Activity: Output a character-exact copy of the data, images removed.

Information supplied START

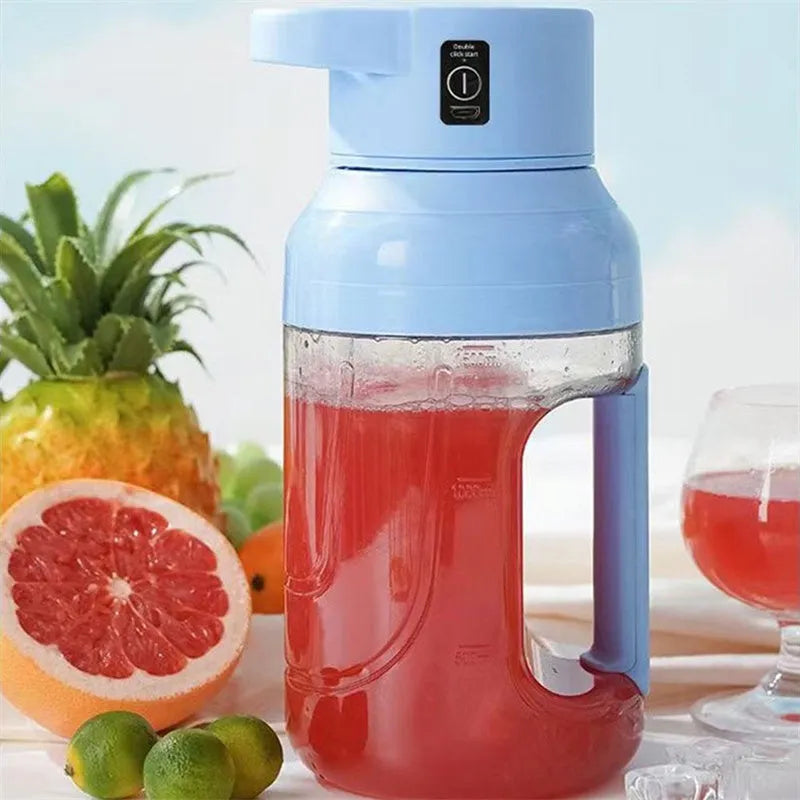 Portable electric juicer blender with 1500ml capacity, USB charging port, and eight steel blades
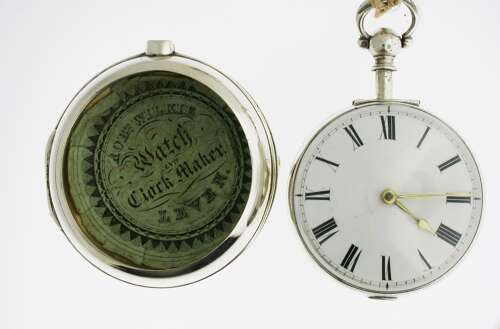 Silver Verge Pair Case Pocket Watch London, England - 1801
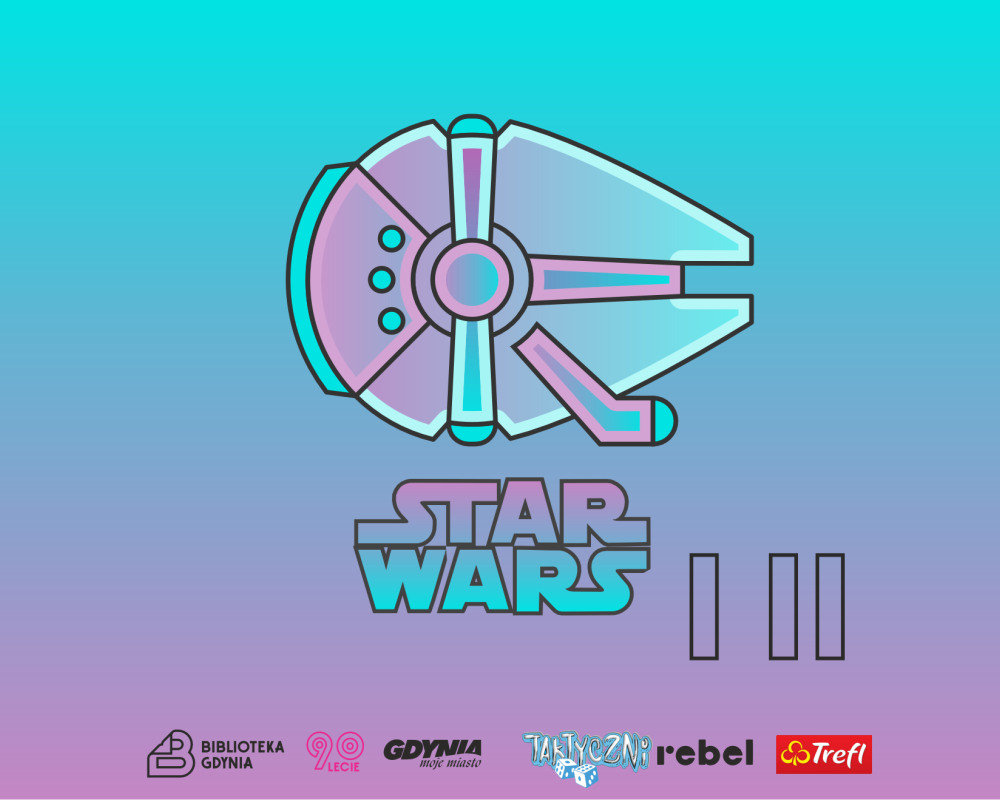 Ilustrowany Sokół Milenium z logiem Star Wars pod spodem oraz logotypami Biblioteki, Gdyni, Taktycznych, Rebela i Trefla.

Information supplied END

Exercise solution:
 Portable electric juicer blender with 1500ml capacity, USB charging port, and eight steel blades
 Silver Verge Pair Case Pocket Watch London, England - 1801
 Ilustrowany Sokół Milenium z logiem Star Wars pod spodem oraz logotypami Biblioteki, Gdyni, Taktycznych, Rebela i Trefla.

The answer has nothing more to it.